Video Demo: CS50P. Windy Grid
Description: The project is a 7x10 grid turn-based game with an element of stochasticity, where one player is an AI agent and another player is human.
- find an optimal path in grid environment with an element of stochasticity
- implementation of Expected SARSA algorithm inspired by Theoretical and Empirical Analysis of Expected Sarsa
- instead of a tabular approach for an Q-value function for educational purposes I decided to choose function approximation by neural network with no hidden layers
- exposed ability to train own agent by adjusting parameters such as learning rate, number of episodes, ratio for exploration and exploitation
- modification of Windy Gridworld environment to allow human to play with trained agent
📦project
┣ 📜README.md
┣ 📜W.pickle
┣ 📜main_menu.png
┣ 📜players.py
┣ 📜project.py
┣ 📜requirements.txt
┣ 📜test_project.py
┗ 📜windy.py
project.py
file contains main menu with different options and you can navigate between them
- Start a new game
- Train an agent.

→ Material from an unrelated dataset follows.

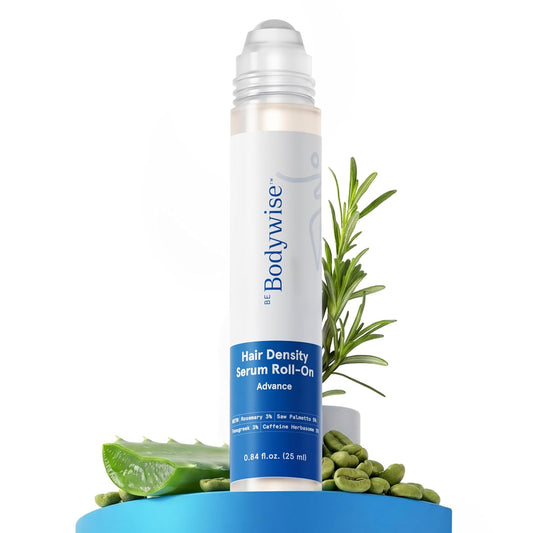 Be Bodywise Hair Growth Serum Roll-On | 5% Saw Palmetto & 3% Rosemary Oil for Effective Hair Regrowth - 25ml/0.84 fl oz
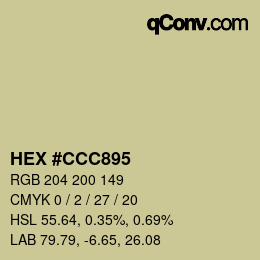 Código de color: HEX #CCC895 | qconv.com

Keep in mind if you want to train a new agent again from scratch it might take some time but you will be able to track this progress.
- Game rules
- Exit
Moreover, the functions to store and load the pre-trained agent from W.pickle
file to be able to play with a human player on a good enough level. Every time you start a game the trained agent will be loaded from this file.
Basic class Player and inherited from it Human and Agent are presented in players.py
and implement logic of picking actions, updating state on the grid and weights based on neural network approximation of Q-value calculated by Expected SARSA algorithm.
The windy.py
introduces a gridworld environment and exposes a render function to display the grid itself and player positions.